It is this fact which explains the sensation created by Renan's book. But the sensation is only part of the story. What stirred the public with excitement and the church with anger, stirred as well the amazement and admiration of students. For here was a work of profound learning, a production worthy of one of the half-dozen greatest scholars of the nineteenth century.

It is not always remembered how supreme a figure was Renan among the scholars of his time—among the scholars, indeed, of all time. Master of a brilliant style, his achievements in the field of literature have tended to obscure, if not to hide altogether, his imperishable achievements in the field of learning. The great historian, Mommsen, saw the point when he declared, with some heat, that Renan was a true scholar, “in spite of the beauty of his style”! Certainly, Renan's life was a triumphant record of scholarly labors.

Abandoning the priesthood at the age of twenty-two, he pursued his studies at the University, the School of Oriental Languages, and the Collège de France, and in four years attracted marked attention by winning prizes, contributing extensively to periodicals, and publishing his first book, Avenir de la Science (The Future of Science).
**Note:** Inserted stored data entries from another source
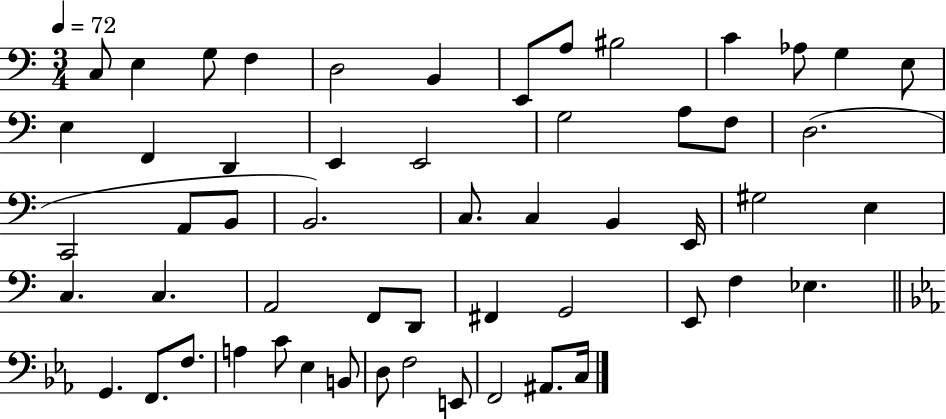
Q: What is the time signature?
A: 3/4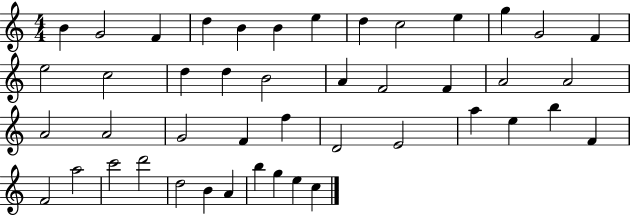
B4/q G4/h F4/q D5/q B4/q B4/q E5/q D5/q C5/h E5/q G5/q G4/h F4/q E5/h C5/h D5/q D5/q B4/h A4/q F4/h F4/q A4/h A4/h A4/h A4/h G4/h F4/q F5/q D4/h E4/h A5/q E5/q B5/q F4/q F4/h A5/h C6/h D6/h D5/h B4/q A4/q B5/q G5/q E5/q C5/q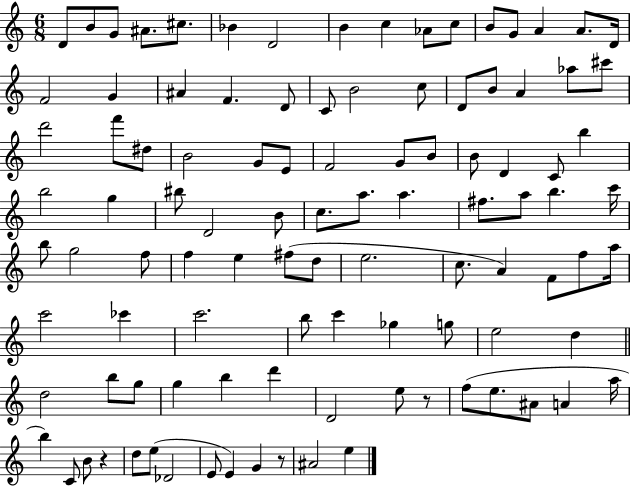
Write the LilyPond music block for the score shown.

{
  \clef treble
  \numericTimeSignature
  \time 6/8
  \key c \major
  d'8 b'8 g'8 ais'8. cis''8. | bes'4 d'2 | b'4 c''4 aes'8 c''8 | b'8 g'8 a'4 a'8. d'16 | \break f'2 g'4 | ais'4 f'4. d'8 | c'8 b'2 c''8 | d'8 b'8 a'4 aes''8 cis'''8 | \break d'''2 f'''8 dis''8 | b'2 g'8 e'8 | f'2 g'8 b'8 | b'8 d'4 c'8 b''4 | \break b''2 g''4 | bis''8 d'2 b'8 | c''8. a''8. a''4. | fis''8. a''8 b''4. c'''16 | \break b''8 g''2 f''8 | f''4 e''4 fis''8( d''8 | e''2. | c''8. a'4) f'8 f''8 a''16 | \break c'''2 ces'''4 | c'''2. | b''8 c'''4 ges''4 g''8 | e''2 d''4 | \break \bar "||" \break \key c \major d''2 b''8 g''8 | g''4 b''4 d'''4 | d'2 e''8 r8 | f''8( e''8. ais'8 a'4 a''16 | \break b''4) c'8 b'8 r4 | d''8 e''8( des'2 | e'8 e'4) g'4 r8 | ais'2 e''4 | \break \bar "|."
}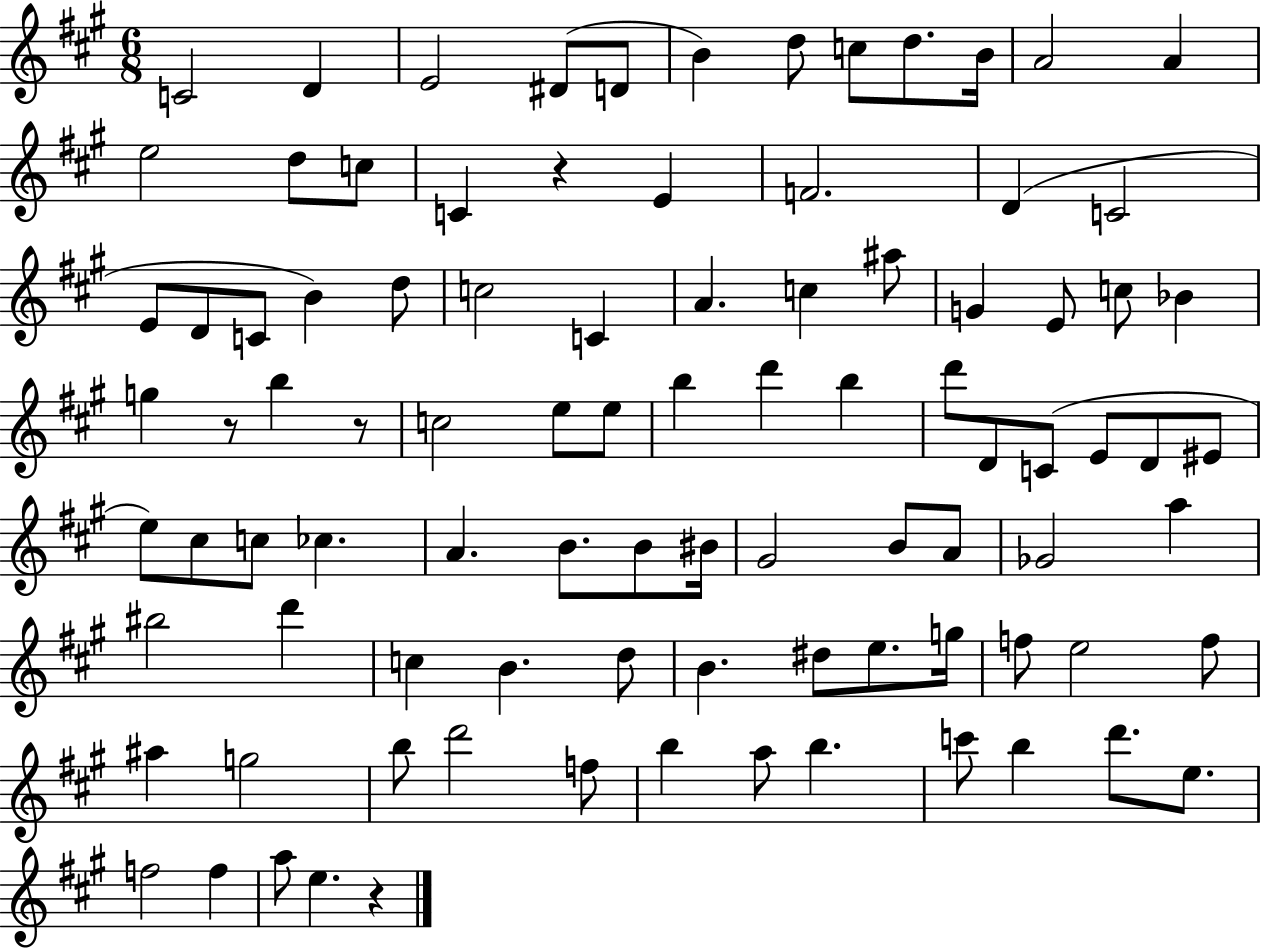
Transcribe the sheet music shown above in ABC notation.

X:1
T:Untitled
M:6/8
L:1/4
K:A
C2 D E2 ^D/2 D/2 B d/2 c/2 d/2 B/4 A2 A e2 d/2 c/2 C z E F2 D C2 E/2 D/2 C/2 B d/2 c2 C A c ^a/2 G E/2 c/2 _B g z/2 b z/2 c2 e/2 e/2 b d' b d'/2 D/2 C/2 E/2 D/2 ^E/2 e/2 ^c/2 c/2 _c A B/2 B/2 ^B/4 ^G2 B/2 A/2 _G2 a ^b2 d' c B d/2 B ^d/2 e/2 g/4 f/2 e2 f/2 ^a g2 b/2 d'2 f/2 b a/2 b c'/2 b d'/2 e/2 f2 f a/2 e z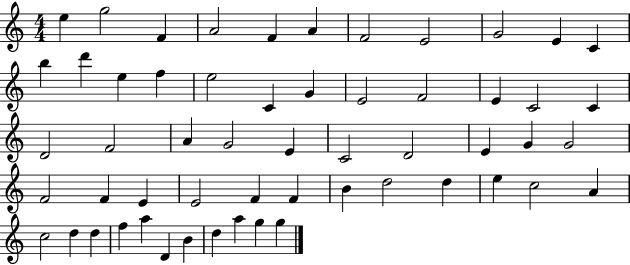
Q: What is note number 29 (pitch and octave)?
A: C4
In 1849, he was sent by the Ministry of Education, and under instructions from the Academy of Inscriptions and Belles-Lettres, on a mission to investigate the libraries of Italy and report on their manuscript collections, particularly the Syrian and Arabic. On his return in 1851, he received an appointment as attaché in the department of manuscripts at the Bibliothéque Nationale, began writing for the Revue des deu Mondes, took his degree of Docteur-és-lettres, and was elected to the Council of the Societé Asiatique. The next few years were crowded with exhaustive studies, and voluminous writings in magazines both lay and learned. In 1856 he was elected to the Academy of Inscription and Belles-Lettres. In 1859 appeared his Essais de morale et de critique, and a translation of the Book of Job. In 1860, after publishing a translation of the Song of Songs, he accepted a mission to excavate Phoenician remains in Syria, under the inspiration of which he wrote the first draft of his Life of Jesus at Ghazir. On his return to Paris he was appointed professor of Hebrew, Chaldean and Syrian languages in the Collège de France by imperial decree dated January 11, 1862, an honor which he was destined to lose the following year when his Life of Jesus was published. After a second oriental trip in 1864-65, there followed years of exhausting work, first, on his Origins of Christianity, and secondly, on his History of the People of Israel, two of the supreme productions of nineteenth century scholarship. Master of many languages, ancient and modern, erudite in the lore of ages and places, expert in the technique of investigation and interpretation, imbued with the ideal as well as the methods of modern science, a man simple, sincere, courageous, “a saint, even if judged by the teachings of the Galilean Lake,” Renan ranks, alike in spirit and in achievement, with men like Darwin and Pasteur as one of the immortals.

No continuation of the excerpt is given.